糸井ほどの身体能力の持ち主なら41歳でもさほど歳とは思えない。
日本人で身体能力が高い選手は身体が大きくないのだが、糸井は日本人では秋山以来の
大きな身体でのバネがある選手だ。
身体が大きくてバネがある、というのは野球にはもってこいの体質であり、それならば
40歳を少し超えたくらいなら歳とは言えない。他の若い選手より歳以上に肉体で
アドバンテージがあるから。
ただ、目の衰えとか反応の鈍り、というのは傍目からはわからない。
本人にはその不本意にはイライラが募る。そしてプロの世界ではその全盛からのちょっとでも
衰えを感じると、自身のプレースタイルに及ばず、出場機会が減る、という循環になる。
そして、一度出場機会が減れば、新しい顔がその機会を多く得ることになり、古い顔は
端へと追いやられる。
そして何と言ってもケガと持病が弱気にさせ、身体の自由を奪う。
そして最大の理由に野手で生き残るにはバッティングが優れていなければならない。
バッティング技術というのは身体能力の高さとは比例しない。
バッティング技術とは感覚と器用さのことだからいくら身体能力が高かろうが、ヘタクソはヘタクソだ。
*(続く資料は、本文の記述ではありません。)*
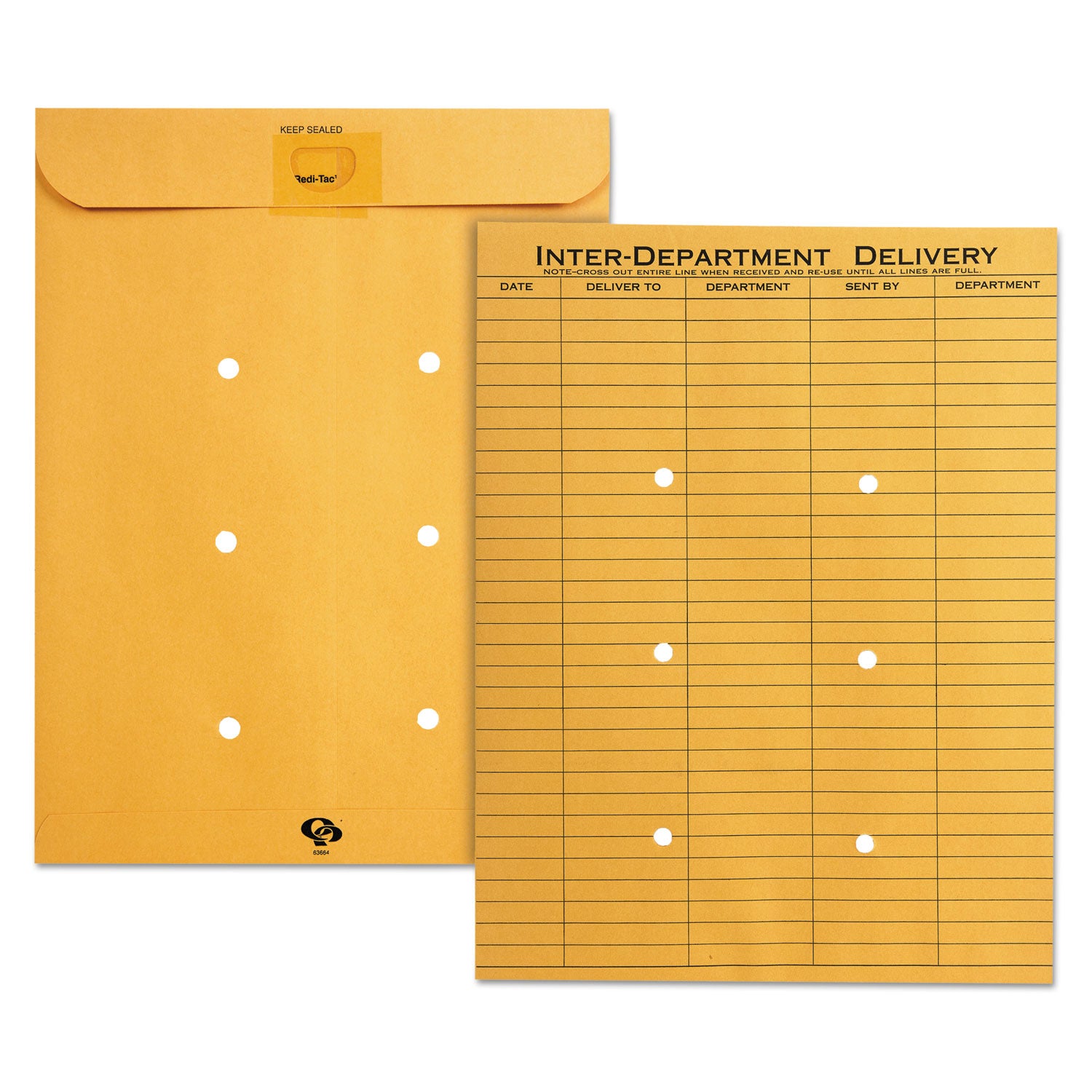 Brown Kraft Resealable Redi-Tac Interoffice Envelope, #97, One-Sided Five-Column Format, 10 x 13, Brown Kraft, 100/Box -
身体能力が高ければ当たった時に遠くに飛ぶとか速い打球になる、というメリットが発揮され、
また、身体能力のおかげで鋭いスイングを身につけられる、ということがあり、これにより
ヘタクソを補えるということはある。
糸井の場合、バッティングはうまくはない。
しかし、野球史上NO.1と言ってもいいほどの身体能力が技術を補ってきた。
目や反応に陰りが見え、一旦、打てなくなると身体能力は関係ないことになる。
プロの世界は新陳代謝を促され、新しい顔が必要だ。
糸井の今の実力で20代なら使われるし、引退はない。
要は、飽きられてしまうということだ。
それなら多少実力が劣っても新しい顔を欲しがる。
同じ実力でもベテランなら晩年とか陰り、といった見方をされるものの、
新顔なら期待大という見方になる。